“The American chestnut is a prolific bearer of nuts, usually with three nuts enclosed in each spiny, green burr, and lined in tan velvet. The nuts develop through late summer, with the burrs opening and falling to the ground near the first fall frost.” — Wikipedia
Once upon a time, over one hundred years ago, the American chestnut tree was a familiar site in forests and on farms in the eastern part of the U.S. An estimated 3-4 billion American chestnut trees covered nearly 200 million acres of land in the Appalachian woods. An estimated one of every fourth tree in the Appalachian forest was a chestnut.
American chestnut trees grow to 100 feet tall. A healthy, mature tree can produce upwards of 6000 nuts, providing people and wildlife with a tasty, nutritious food during the autumn and winter seasons.
In 1904 a forester in the Bronx Zoo noticed the chestnut trees on the grounds were dying. By the 1950’s, a chestnut blight had spread along the eastern woodlands, infecting almost the entire magnificent stand of American chestnut trees. But, the story doesn’t end here. The future holds hope for the American chestnut.
Conservation & Restoration of the American Chestnut
With a renewed interest, a growing awareness and a sense of appreciation for the American chestnut, the future for the American chestnut is looking hopeful.
Today, there are approximately 2,500 chestnut trees growing on 60 acres near West Salem, Wisconsin (the world’s largest remaining stand). The largest recorded American chestnut tree grows in Sherwood, Oregon. According to an article posted by the Associated Press in November 2012, the tallest American chestnut tree presently growing in its native region on the east coast may be this 95-foot tree in the woodlands of Maine.
Volunteers in many states are putting forth effort to save the American chestnut. The Pacific Northwest has been free of chestnut blight since the 1930s. Oregon State University encourages residents to plant a chestnut tree in your garden (or farm) to grow your own chestnuts.
The American Chestnut Cooperators Foundation, the Canadian Chestnut Council, and the American Chestnut Foundation are organizations dedicated to restoring the American chestnut in North America by developing a blight-resistant hybrid and progress has been made.
Sing. Roast. EAT.
For many of us today, chestnuts evoke a sense of holiday time, although more often in the way of singing instead of eating. Last month you may have sang about chestnuts roasting on an open fire, but did you actual roast and eat any chestnuts?
Unlike other nuts, which are dried, chestnuts are usually sold fresh and stored as a perishable food. Before refrigerators existed, some farmers and foragers stored fresh chestnuts in a containers filled with damp moss. How simple!
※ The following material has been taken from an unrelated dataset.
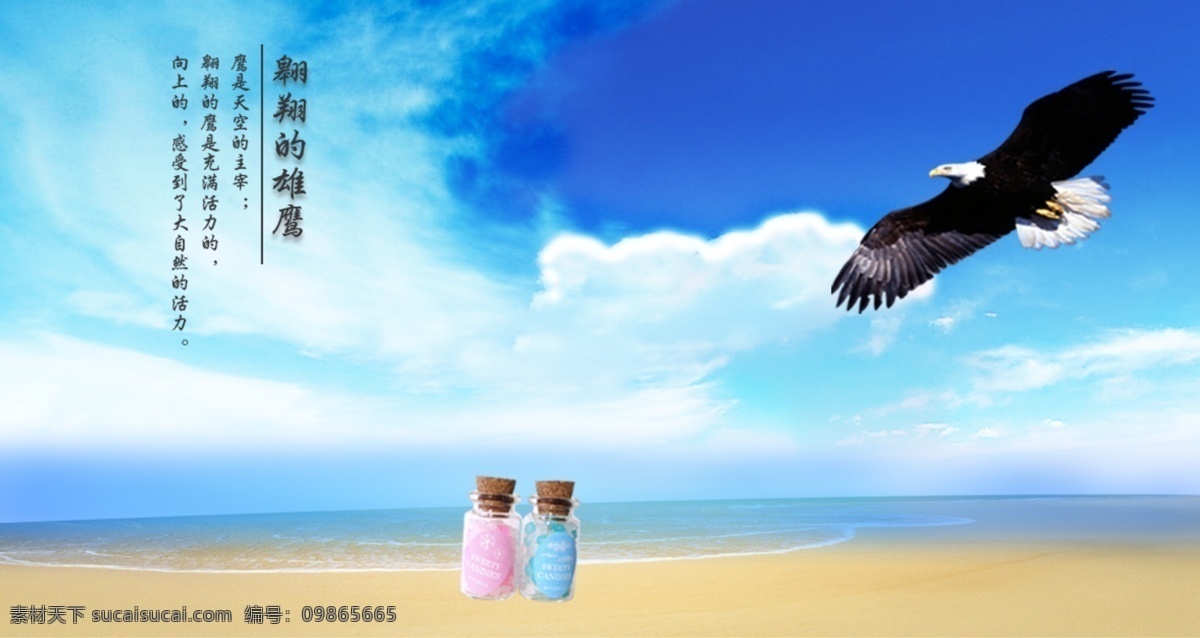 鹰 愿望 翱翔 动力 活力 积极 沙滩 天空 希望 向上 许愿瓶 自然 翱翔的鹰 原创设计 其他原创设计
For culinary creations it’s important to source fresh, local chestnuts. Once a chestnut can be heard rattling inside its shell, it has dried up and lost its deliciously sweet flavor.
Chestnut recipes were quite common in American cookbooks from the 1800s. In fact, American culinary expert Fannie Merritt Farmer included many recipes that called for fresh chestnuts in her cookbooks. Nearly one hundred years ago, Fannie Farmer hosted a 12-course Christmas dinner which included Roasted Goose with Chestnut Stuffing.
Chestnuts are making a comeback in kitchens today. We found a recipe for chestnut stuffing with leeks and apples on a blog called the parsley thief that sounds delicious! Roasted chestnuts and brussels sprouts makes an excellent seasonal dish to eat with family at friends in autumn and winter. Hungry yet?
Flip your 2013 calendars to autumn to write down a reminder to look for fresh chestnuts for next year’s wintertime holiday meals. When eating seasonally, there’s always something to look forward to tasting!